• REQUIRED WORK: An exact copy of every entry is needed here; the images stay out.

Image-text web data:
^^^^^^^^^^^^^^^^

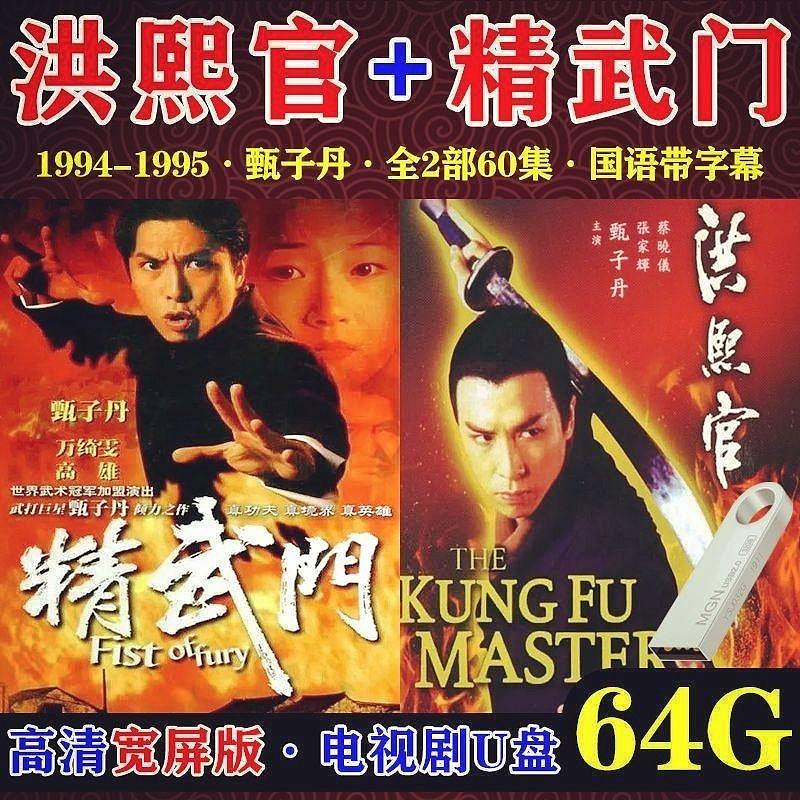 甄子丹『洪熙官』全話BOX VCD 樂視】精武門洪熙官甄子丹經典懷舊武俠電視劇U盤國粵語中字高清USB優盤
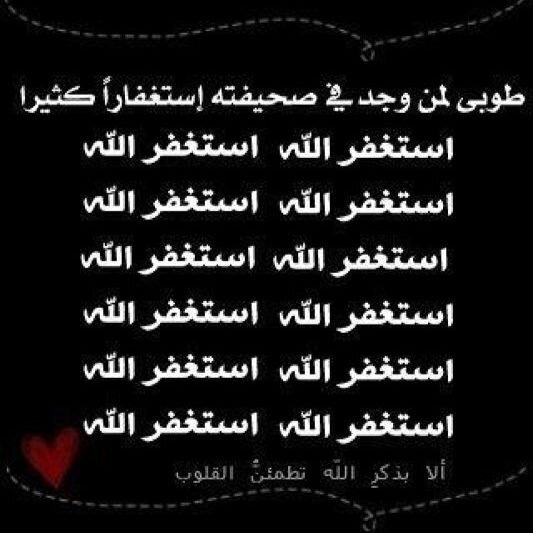 الحمد ﭑﻟﻟــہﻫ حتى يبلغ الحمد منتهاه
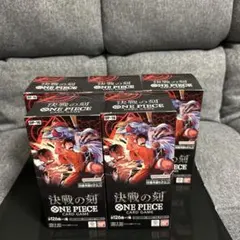 決戦の刻 2box テープ付き 箱めくれ、凹みあり 未開封品 ワンピース 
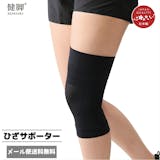 大きいサイズの膝サポーターのおすすめ人気ランキング【2026年5月】 3
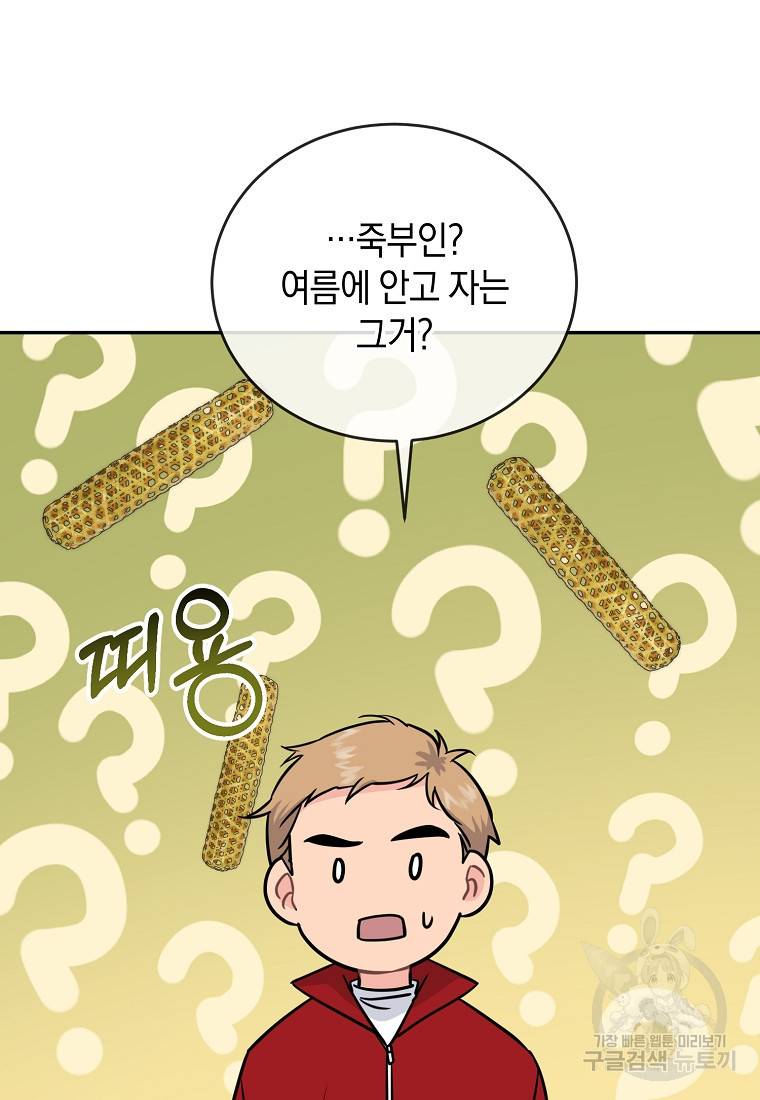 유혹하지 말아줘, 오빠 23화 16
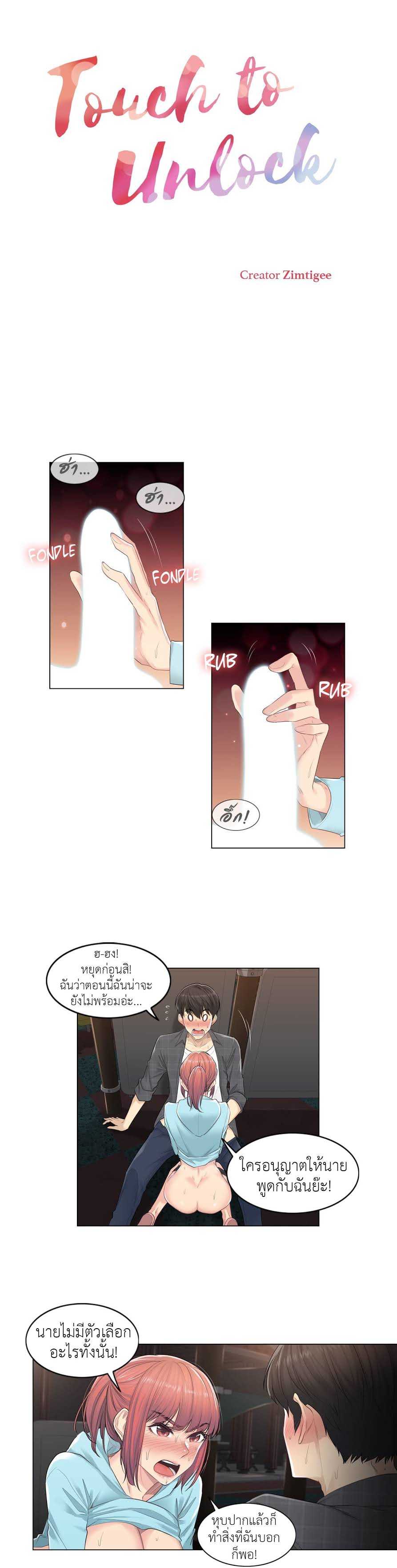 Touch to Unlock 3 (4)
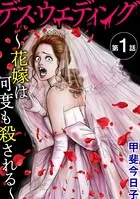 デス・ウエディング 〜花嫁は何度も殺される〜（単話）
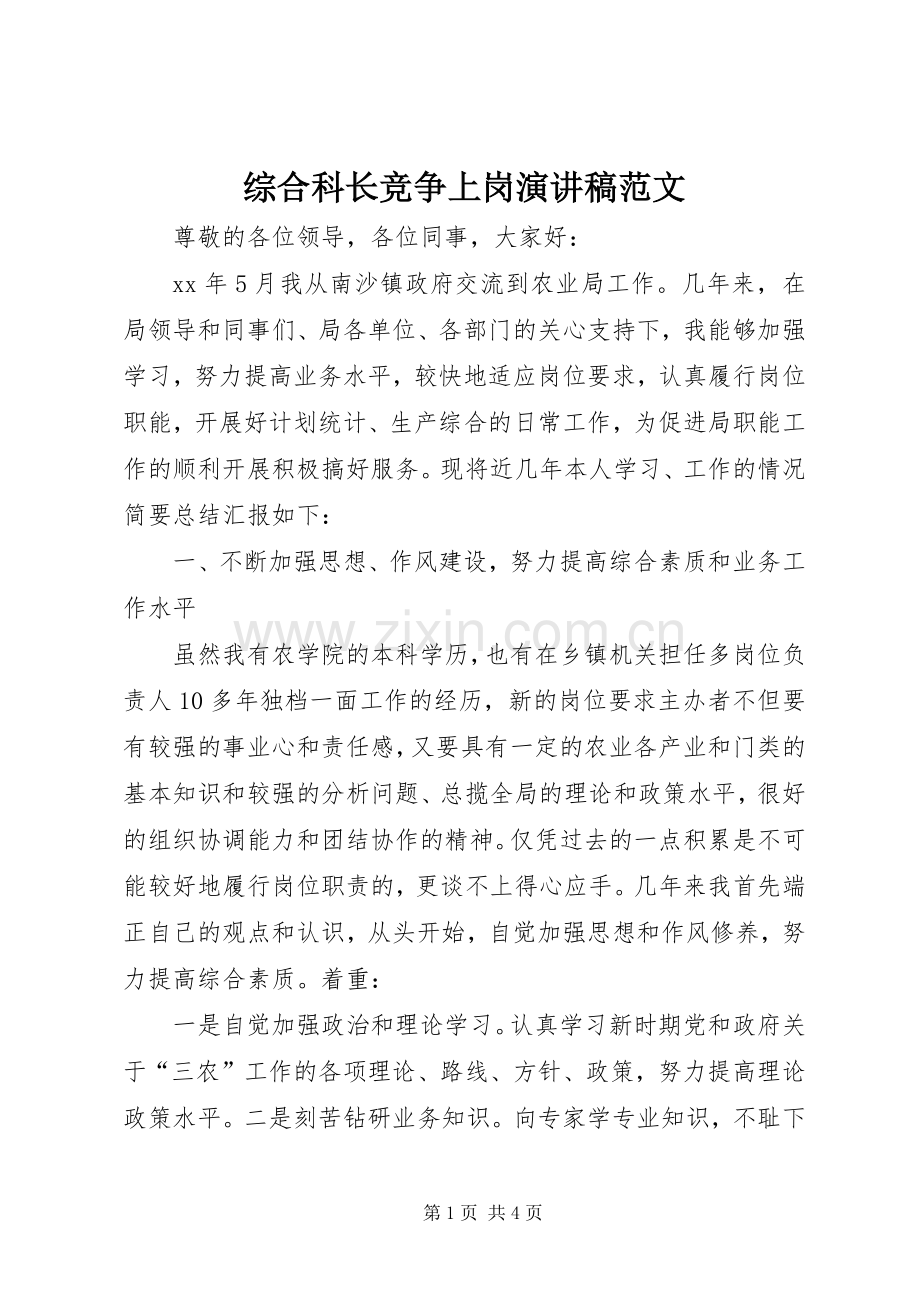 综合科长竞争上岗演讲稿范文.docx_第1页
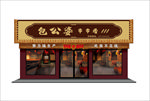 串串香招牌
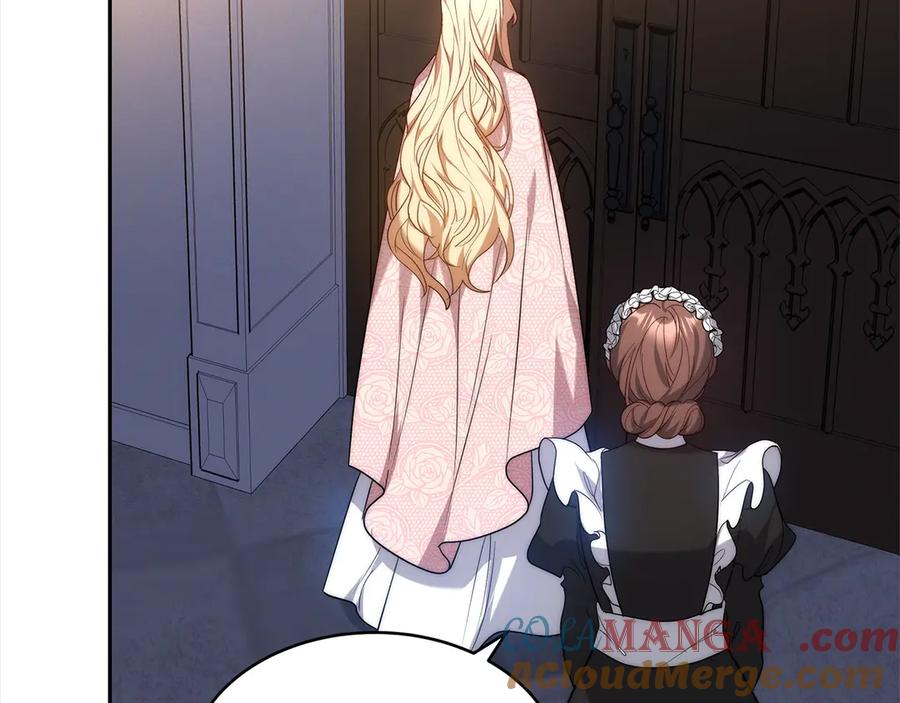第233页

^^^^^^^^^^^^^^^^

• ANSWER BELOW:
 甄子丹『洪熙官』全話BOX VCD 樂視】精武門洪熙官甄子丹經典懷舊武俠電視劇U盤國粵語中字高清USB優盤
 الحمد ﭑﻟﻟــہﻫ حتى يبلغ الحمد منتهاه
 決戦の刻 2box テープ付き 箱めくれ、凹みあり 未開封品 ワンピース 
 大きいサイズの膝サポーターのおすすめ人気ランキング【2026年5月】 3
 유혹하지 말아줘, 오빠 23화 16
 Touch to Unlock 3 (4)
 デス・ウエディング 〜花嫁は何度も殺される〜（単話）
 综合科长竞争上岗演讲稿范文.docx_第1页
 串串香招牌
第233页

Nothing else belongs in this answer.